Players are thrust into the typical Square Enix world where living skeletons and flying dragons exist. In this case, however, players don’t get to only battle these mythical monsters, but also harvest them for parts, which will in turn be used for making weapons and armor. This is really nothing new for long time players of the genre, but it is interesting to see Square Enix's take on it and the unique monsters that come with it. Foes range from walking skeletons to Square Enix favorites like Bahamut, which are sure to satisfy RPG fans.
Though enjoyable, the designs get tedious. Not only are the monsters constantly recycled throughout game, but the game practically requires players to replay the same levels to get either money or parts for equipment upgrades. To make it even more tedious, item drops can be random and players may end up spending half an hour on one stage, only to end up leaving without a boss' core, which is essential to making most useful items.
Despite these flaws, many of the game's gameplay mechanics are enjoyable. Players have access to a variety of weapons, ranging from a basic sword to a giant axe or even a lance that shoots fire. They all control differently enough and have different strengths and weaknesses; without learning which weapon applies best for which monsters, players will have a much harder time taking down some basic monsters even.
Each weapon also comes with unique skills that change how the weapon is used and give more variety to gameplay. For instance, the firelance has two notably different abilities: artillery and sniper stance, amongst others. The artillery ability acts like a mortar, raining down bullets on enemies head, often reaching weak spots that can’t otherwise be hit. On the other hand, sniper stance deals big damage as players manually aim at enemies. They all have their uses and should all be tried out.

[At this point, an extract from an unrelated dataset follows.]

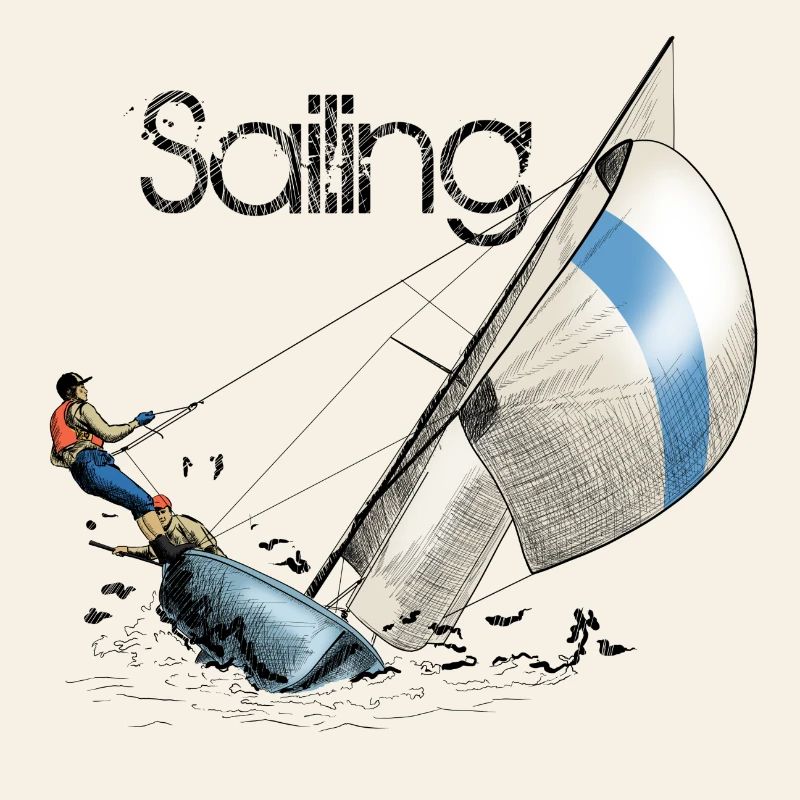 Sailing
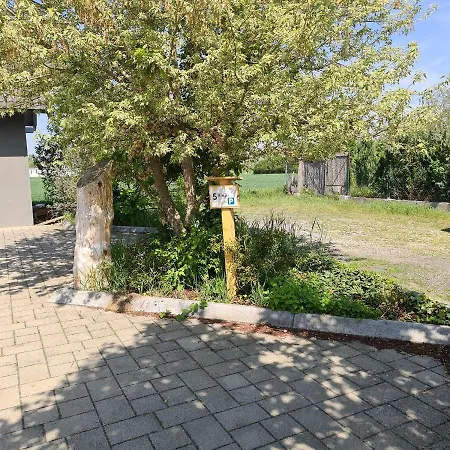 Wolfis Apartament *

Many bosses can kill players in one or two hits, which will translate to ridiculously hard for most players, but the game more than remedies this with cheap potions and several chances for players to resurrect themselves. In turn, with enough preparation, no battle should be too hard. While some bosses may seem impossible to defeat with certain weapons, players can switch to weapons between battles, meaning that any battle that’s “too hard” is usually the result of stubbornness and frugal spending.
Multiplayer is definitely the highlight of the game. Players can set up a room and join a quest together with other friends, level up, and harvest monsters together. Not only does this make grinding much less monotonous, but the game promotes teamwork as well. When a teammate is low on health, others can either use their healing items on him or even offer their own health to keep him in the fight a bit longer. Moments like these almost make the single player experience pale in comparison and I tried to convince almost every friend with a PSP to play the game for this reason alone.
While some aspects of the game could have used polishing, it’s a valiant first effort from Square Enix. The formidable, giant foes that are in most Square Enix titles are still present here and should satisfy RPG fans. The multiplayer mode is definitely more fun than the single player, but considering how hard it is to find other gamers with a PSP, most players will be stuck playing the single player mode, which is plagued by tedious grinding and item collection.